When the great composer Leonard Bernstein died they came in their hundreds to remove soil from his grave. The cemetery caretaker was very frustrated because he had to keep replacing the soil, so my guide told me. Maybe they have spread concrete over it since I was there.
I hope I have been of help to Mr Macron. – Yours, etc,
Sir, – If only the solidarity exhibited for the destroyed church building could be expressed for humanity. Vive la France. Vive la difference. Let “live and let live” be the sign of our time on Earth. – Yours, etc,
A chara, – No doubt Pope Francis will be considering plenary indulgences for the billionaire families who pledged €500 million to restore Notre Dame, but since the gifts will be tax-deductible, don’t French taxpayers deserve 90 per cent of the remission? – Is mise,
Sir, – As always we can depend on Martyn Turner to retain perspective on our behalf as he does brilliantly and appropriately in his “Prophets before People” pictorial comment following the sad demise of Notre Dame cathedral.

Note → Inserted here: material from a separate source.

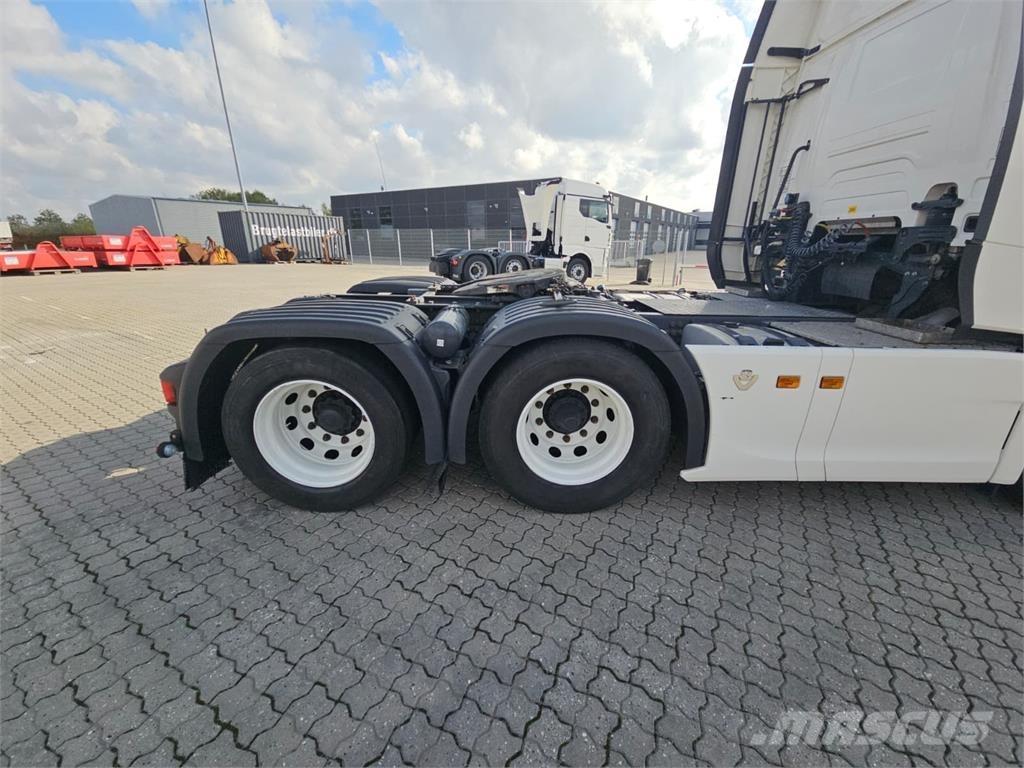 Scania R650 6X2 Nyergesvontatók
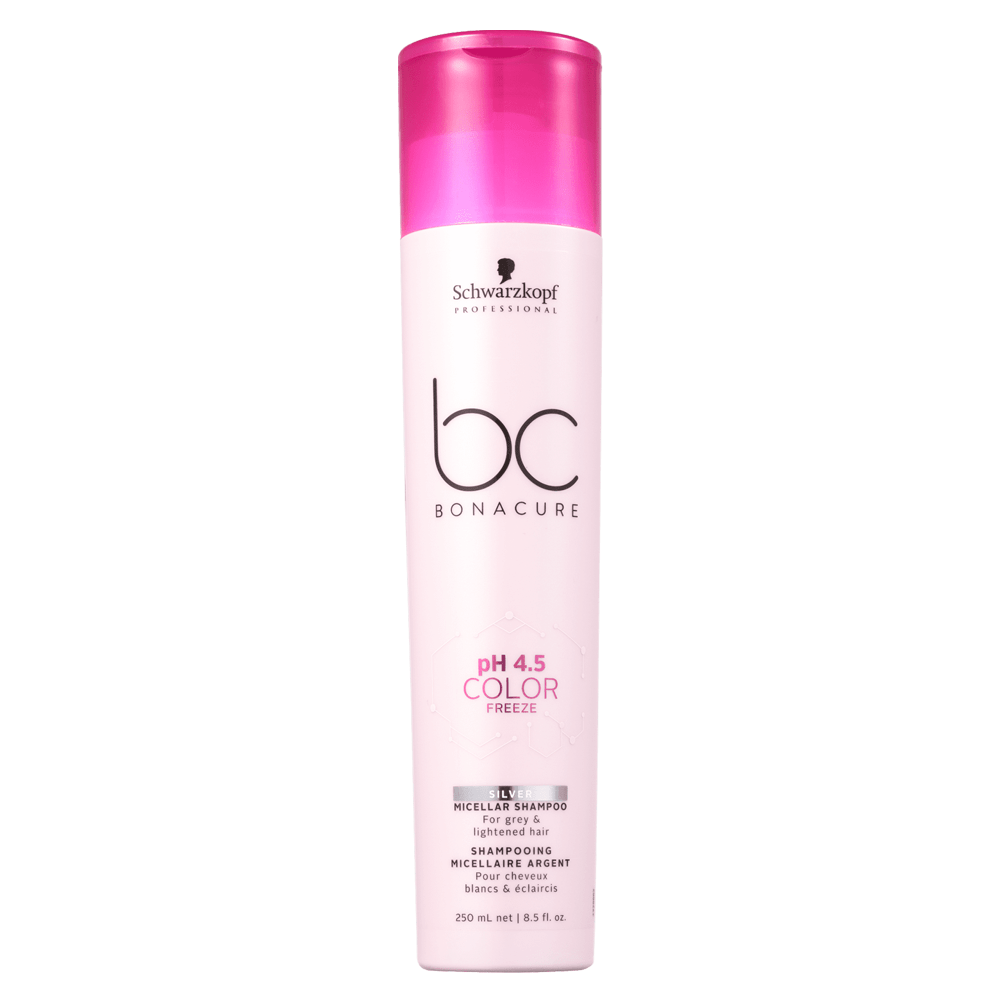 Encontraproduto.com.br - Schwarzkopf Professional BC Color Freeze Micellar Silver - Shampoo 250ml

No problem with €300 million for a building – any spare change for Yemen etc? – Yours, etc,
Finglas, Dublin 11.
Sir, – While we were all very upset by the sight of Notre Dame burning, Martyn Turner’s cartoon (April 17th) really hit home. The same thought struck me yesterday when I heard the staggering amounts of money being pledged to rebuild the cathedral. It really does make you wonder about the kind of society we live in. – Yours, etc,
Raheny, Dublin 5.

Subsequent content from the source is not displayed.